The square is made up of 2 equal isoceles right triangles whose hypoteneuses are 2* 2pi = 4 pi

If we call he length of the other 2 sides of the triangle (which are 2 sides of the square) x, then from pythogoras, we know that

x^2 + x^2 = (4pi)^2

2x^2 = 16pi^2

x^2 = 8pi^2

x = √(8pi^2

= 2√2 * pi

There are 4 sides, so the perimeter = 8pi√2 - option d

- Jerome JLv 71 decade ago
a square is inscribed in a circle with a radius of 2pie. what is the perimeter of the square?

a. 2 pie (radical 2)

b. 4 pie (radical 2)

c. 6 pie (radical 2)

d. 8 pie (radical 2)...... correct answer

e. 10 pie (radical 2)

The diagonal of the inscribed square = twice the radius = 4π

Each side = 2π√2

Perimeter = 4 × 2π√2 = 8π√2

- mojolocoLv 41 decade ago
The circle having radius 2pi, the diameter is 4pi, which is the diagonal of the square.

The side of the square is therefor 4pi/(radical 2)= 2pi(radical 2). The perimeter of the square consists of 4 sides and is therefor 8pi(radical 2).

- 1 decade ago
first you need to calculate each length of side of the square.

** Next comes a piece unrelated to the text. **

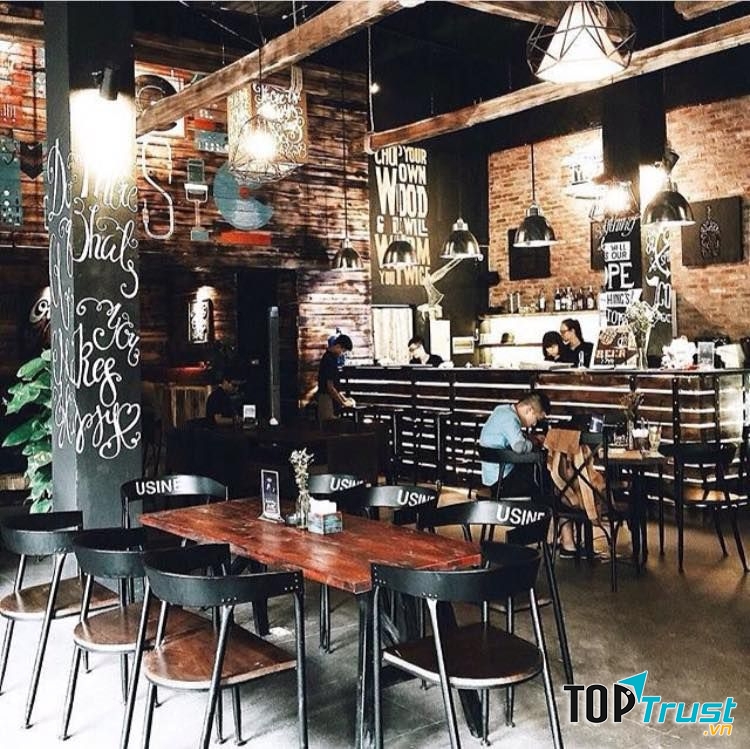 Quán cafe nghe nhạc Aucostic tuyệt nhất tại Hà Nội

if you draw from each corner of the square to the center of the circle, you will have 4 right triangles, each with legs of length 2pi, and a hypotenuse of length:

a^2 + b^2 = c^2

2*(2pi)^2 = c^2

c = sqrt(2)*2pi

the hypotenuse is actually the side of each square, which means the perimeter is 4 times the above = 8*pi*sqrt(2), which is answer d.